Prompt:
Exact retyping of the data: please keep every word and drop each picture.

Provided material:
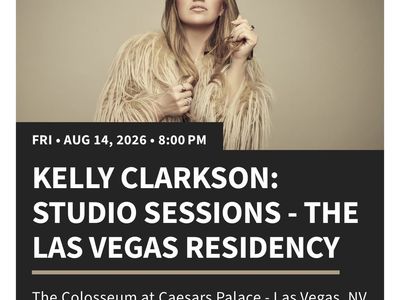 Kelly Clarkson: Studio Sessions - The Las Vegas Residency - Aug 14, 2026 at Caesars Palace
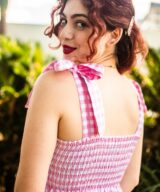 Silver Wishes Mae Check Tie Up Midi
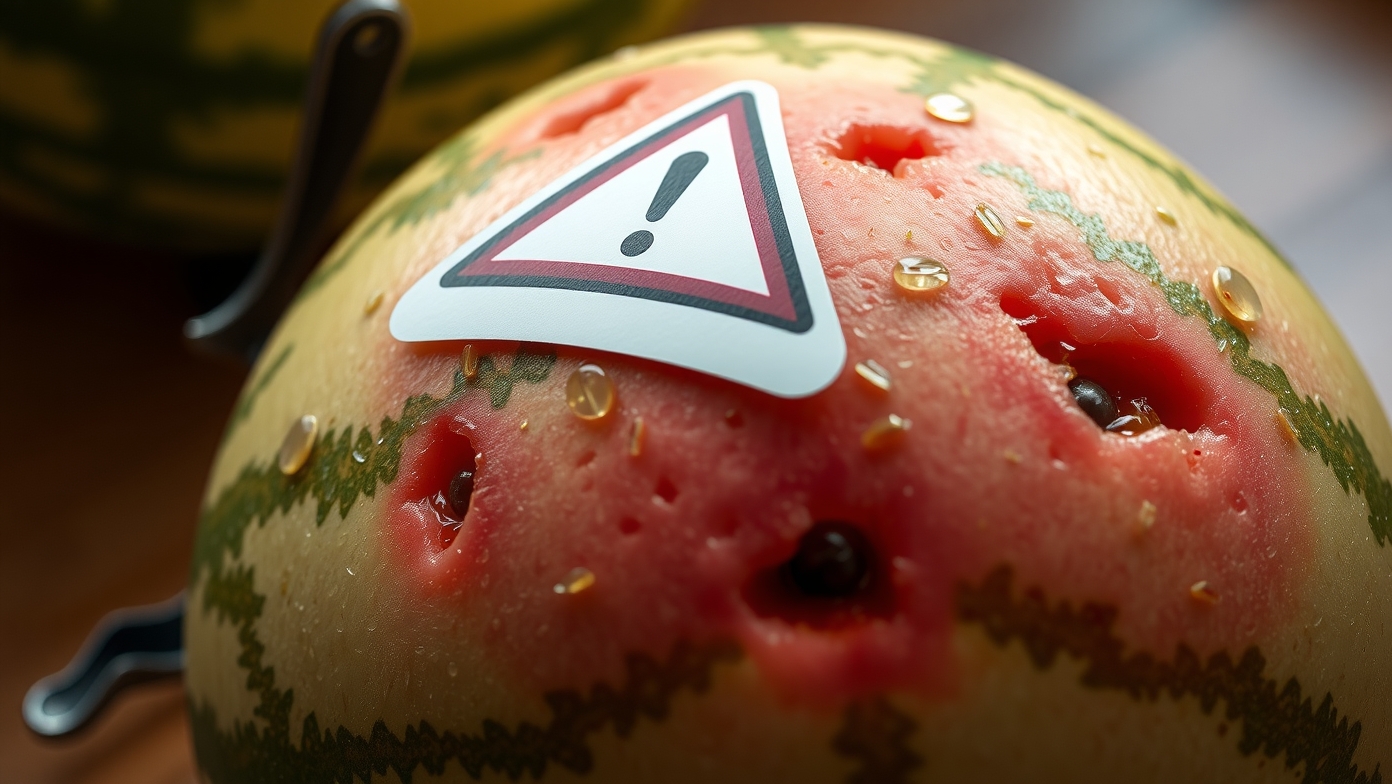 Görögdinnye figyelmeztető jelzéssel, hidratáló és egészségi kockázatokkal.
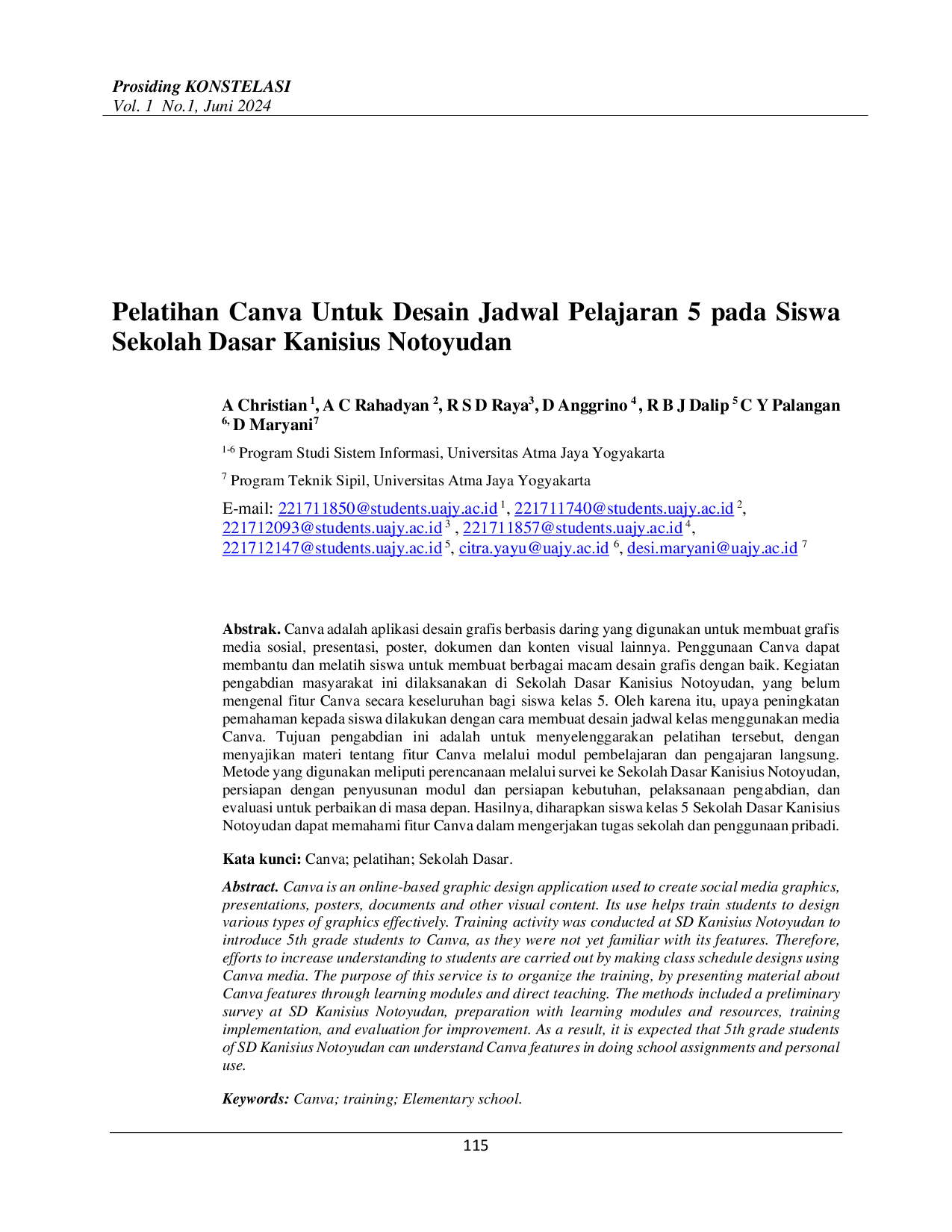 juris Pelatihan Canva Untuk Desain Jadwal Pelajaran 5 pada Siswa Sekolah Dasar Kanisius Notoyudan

Output for this exercise:
 Kelly Clarkson: Studio Sessions - The Las Vegas Residency - Aug 14, 2026 at Caesars Palace
 Silver Wishes Mae Check Tie Up Midi
 Görögdinnye figyelmeztető jelzéssel, hidratáló és egészségi kockázatokkal.
 juris Pelatihan Canva Untuk Desain Jadwal Pelajaran 5 pada Siswa Sekolah Dasar Kanisius Notoyudan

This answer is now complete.